» Task to complete
Go through the listing below and write out exactly the lines from the one that mentions "成龍退出林鳳嬌名下兩間公司。(圖/翻攝自微博)" through the one that mentions "Posjetite Ivanić-Grad", minus the pictures.

» Exercise inputs
--
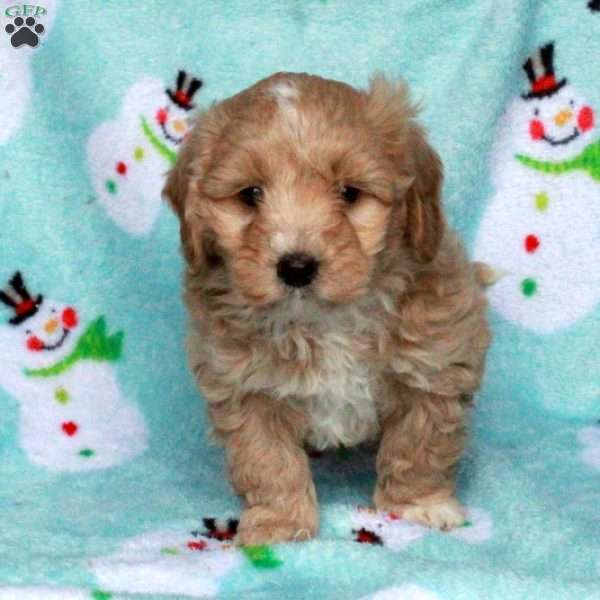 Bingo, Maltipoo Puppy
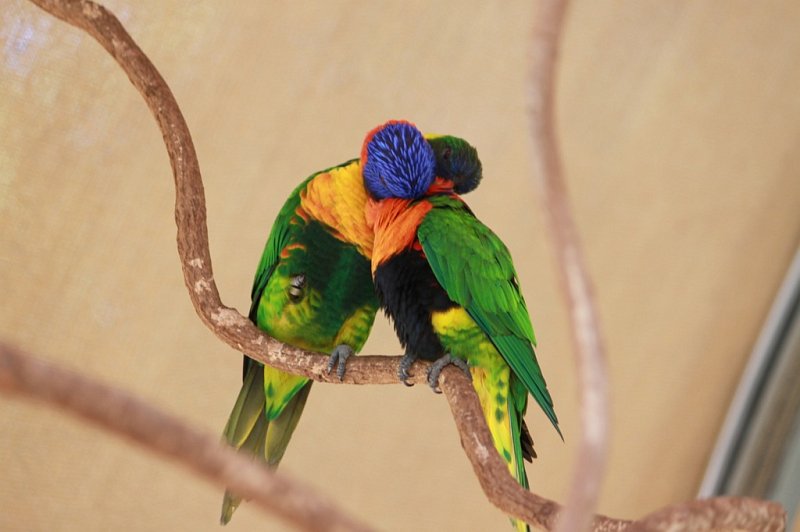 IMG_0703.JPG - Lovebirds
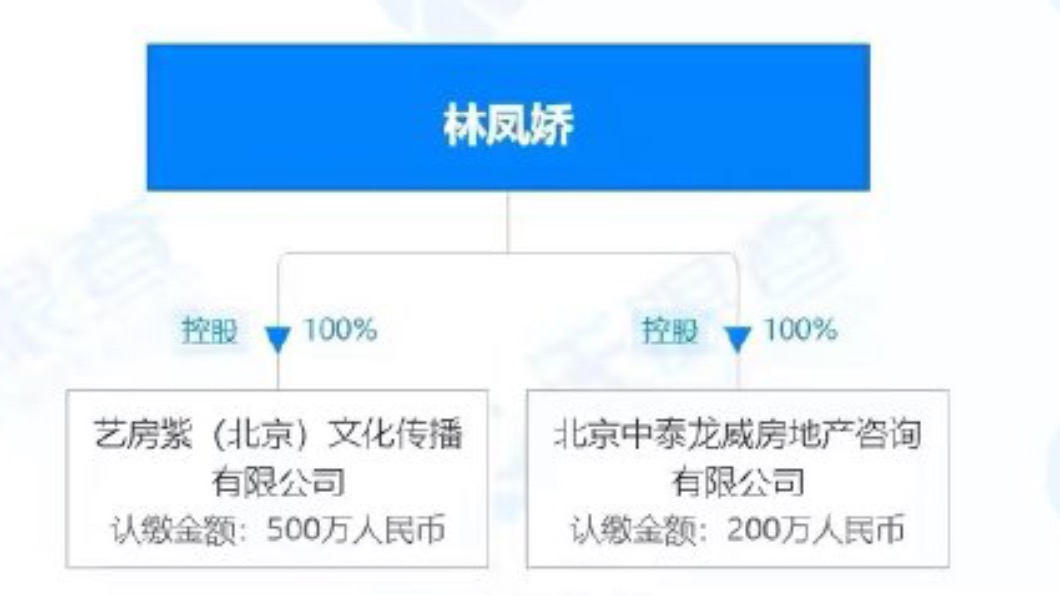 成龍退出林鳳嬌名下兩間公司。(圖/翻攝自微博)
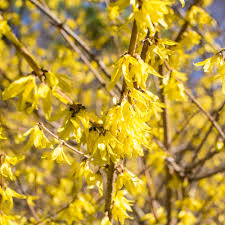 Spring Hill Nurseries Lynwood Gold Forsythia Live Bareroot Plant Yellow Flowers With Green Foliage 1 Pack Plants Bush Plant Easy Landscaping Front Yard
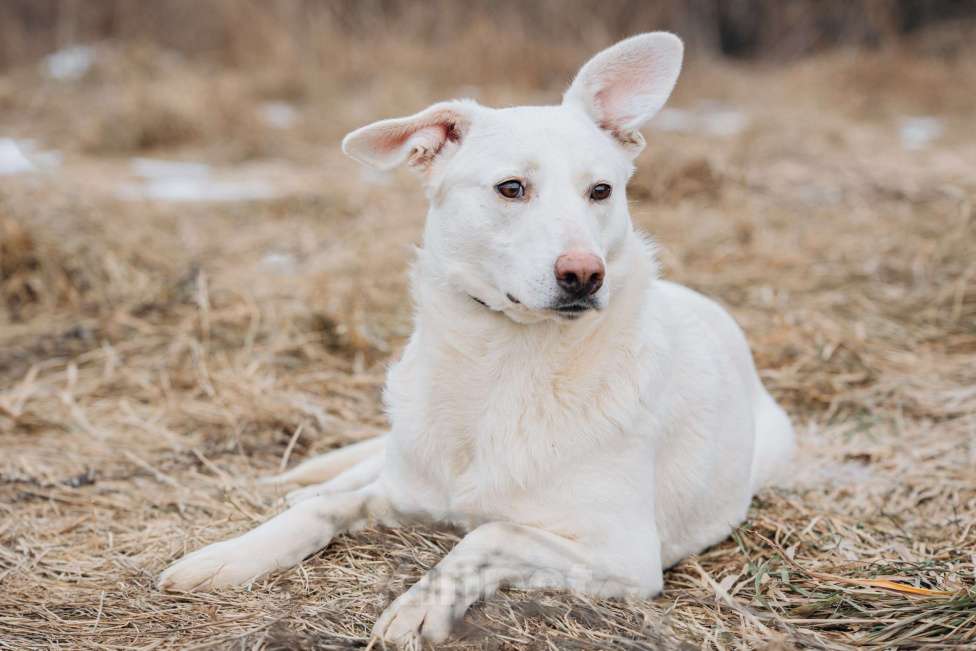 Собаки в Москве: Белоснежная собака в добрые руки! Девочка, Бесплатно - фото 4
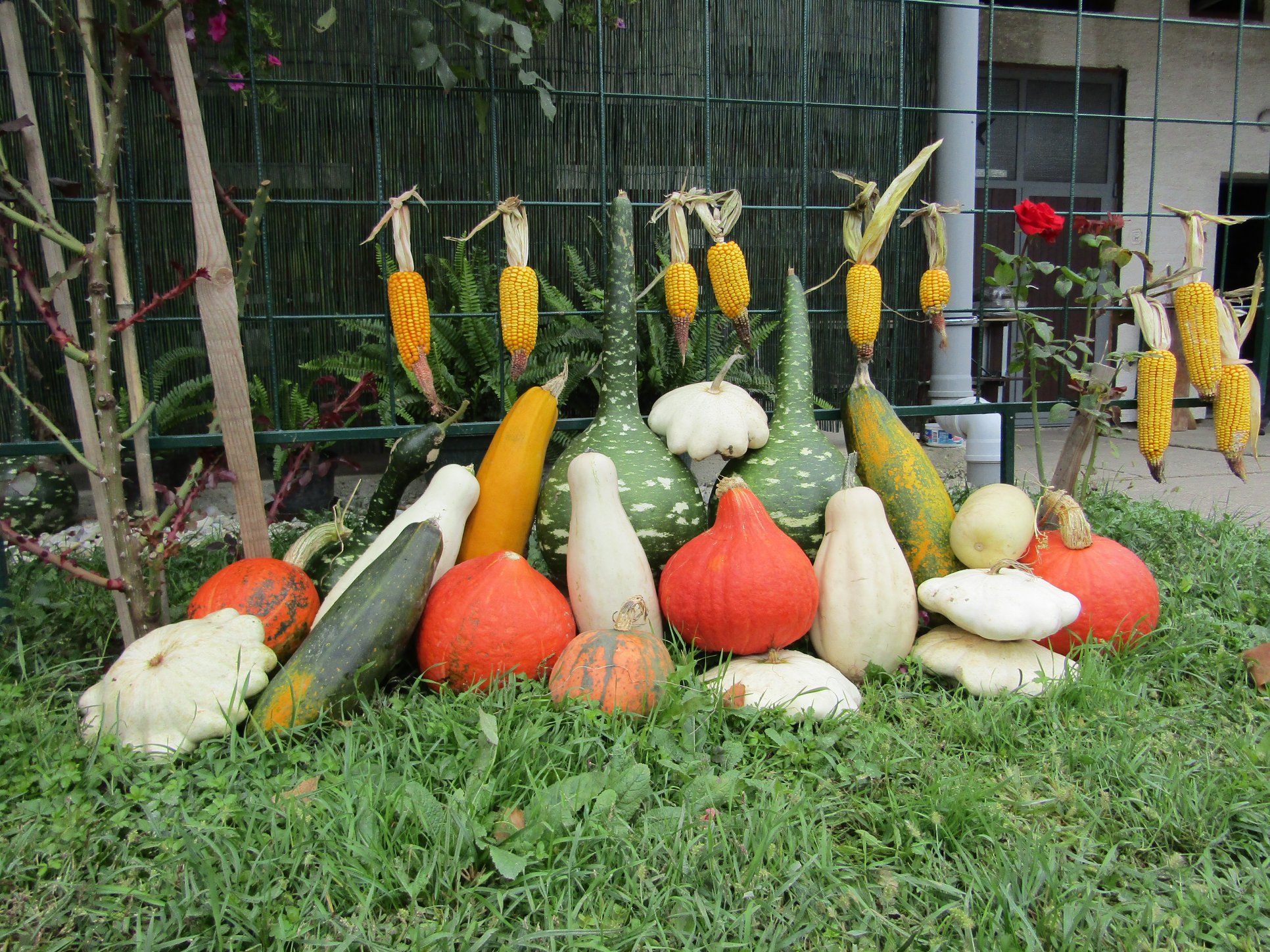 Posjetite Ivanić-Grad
--
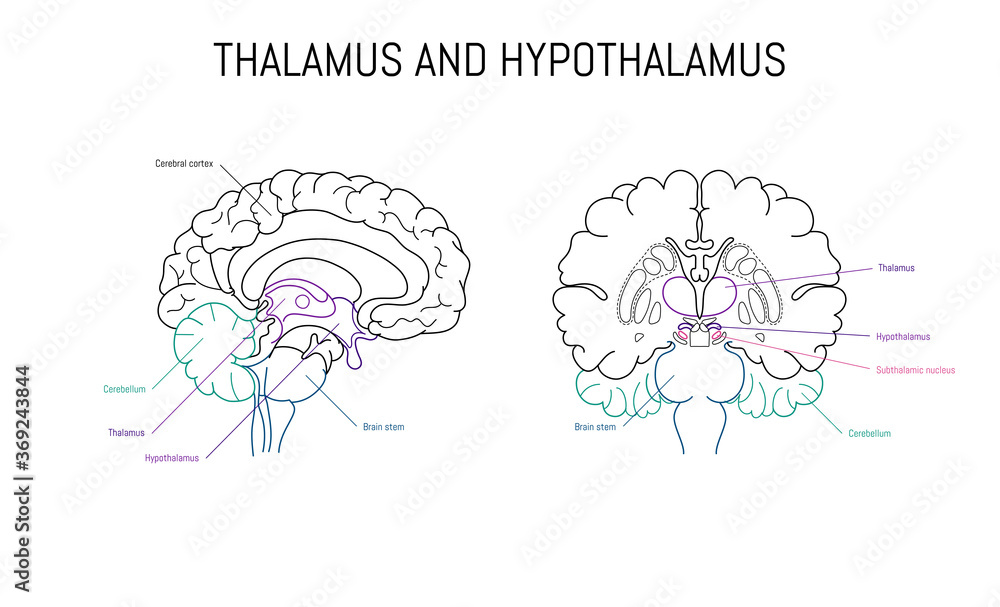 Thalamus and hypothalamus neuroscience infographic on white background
--
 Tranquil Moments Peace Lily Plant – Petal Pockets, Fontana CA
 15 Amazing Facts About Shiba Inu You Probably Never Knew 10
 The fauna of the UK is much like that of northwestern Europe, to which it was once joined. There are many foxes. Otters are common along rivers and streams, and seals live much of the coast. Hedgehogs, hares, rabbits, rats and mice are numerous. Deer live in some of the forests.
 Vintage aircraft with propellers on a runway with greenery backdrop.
--
» Worked solution
 成龍退出林鳳嬌名下兩間公司。(圖/翻攝自微博)
 Spring Hill Nurseries Lynwood Gold Forsythia Live Bareroot Plant Yellow Flowers With Green Foliage 1 Pack Plants Bush Plant Easy Landscaping Front Yard
 Собаки в Москве: Белоснежная собака в добрые руки! Девочка, Бесплатно - фото 4
 Posjetite Ivanić-Grad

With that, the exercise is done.